Jerry Magee Covers College Tennis


The Barnes Tennis Center in San Diego, one of the best public tennis facilities anywhere, always has something going on, and the past few days it has served as the site of the ITA West Regionals for women. The regionals, nine each for men and women, serve as qualifying tournaments for the ITA Indoors in Columbus next month; some do not finish until Tuesday, some were completed on Sunday.

Jerry Magee wrote this story about the two California freshman finalists, Sara Fansler of USC and Yasmin Schnack of UCLA before their match on Sunday. Fansler won--details (and a photo, which I don't have) are here.
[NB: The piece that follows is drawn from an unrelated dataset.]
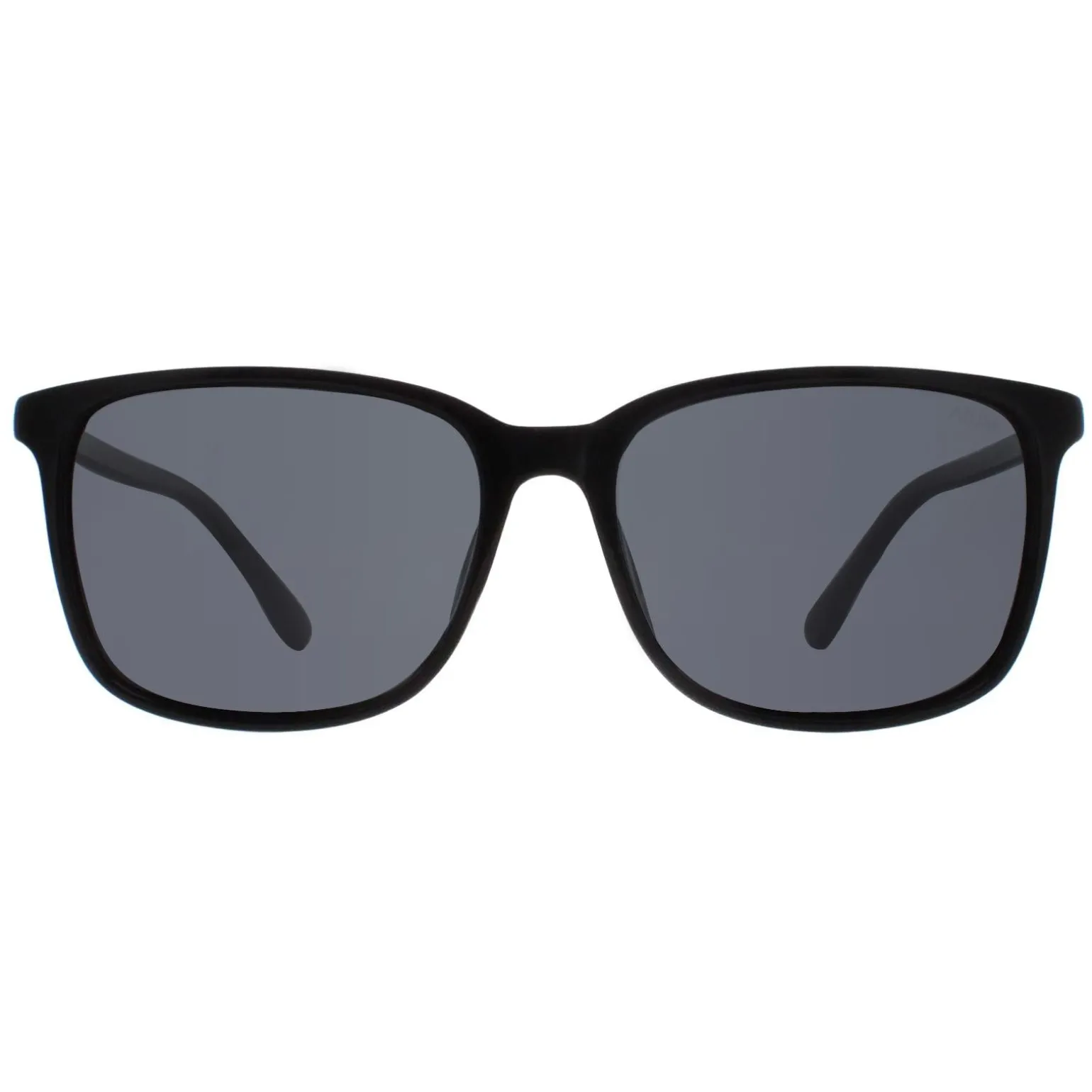 Atum Sunglasses Quill C1 Shiny Black Smoke Grey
Another player who had an impressive weekend was Pepperdine's Andre Begemann, one of the heroes of the Waves NCAA team championship last May. Seeded eighth, he upset top seed and NCAA champion Ben Kohlloeffel of UCLA in the quarterfinals, and second seed Chris Surapol of UCLA in the finals. He played no. 4 for Pepperdine last year, but I'm guessing he'll be moving up this season. A brief story on his run is here.

11 comments:

Anonymous said...

Is that guy from Pepperdine really a sophomore? He looks to be at least 25 yrs old. How can the legitimate schools compete with 18 yr olds against these guys. College tennis is a joke in this regard. I saw Pepperdine play last season and I swear they were all at least 25 and playing vs 18 and 19 yr olds. No wonder they won. I guess it comes down to the team that can find the most loop holes in NCAA rules. What a shame.

Colette Lewis said...

Begemann is a junior and is 22 years old.

Austin said...

Last year Scott Doerner was 22(on schedule), Pedro Rico was 25(2003 should have been his senior year by age), Ivor Lovrak turned 24 right after NCAA's(2004, possibly 2005 should have been his senior year), Begemann waited 2yrs to go to college evidently, so he'll be about to turn 24 at the end of senior year...

Anonymous said...

This happens mainly at schools which are big on the scholarships, lighter on the academics...some schools have entire rosters comprised of older players who have played on the pro tour. Though it is more of an exception in the Ivy League, Princeton boasts of a 23-year-old sophomore who reportedly has wins over some highly ranked pros. Makes it tough for the younger kids who have not played pros.

Anonymous said...

The ITA Champ for the Mideast Region, Harel Srugo, is another player who is in his mid-twenties. Check the top college players and you'll find that most of the international players are in their mid-twenties. This makes it tough for our kids.

AndrewD said...

Just remember, people finish High School at different ages depending on the country (or even the State) they're from. In Germany, a student typically finishes at age 19 and might have a year of community service to complete (it can be defrayed but not always). So, through no fault of their own, they could be 20 before they're able to start study. On the flip-side, a student from Queensland in Australia will finish High School at age 17 - at least 1 year younger than most of their contemporaries around the globe.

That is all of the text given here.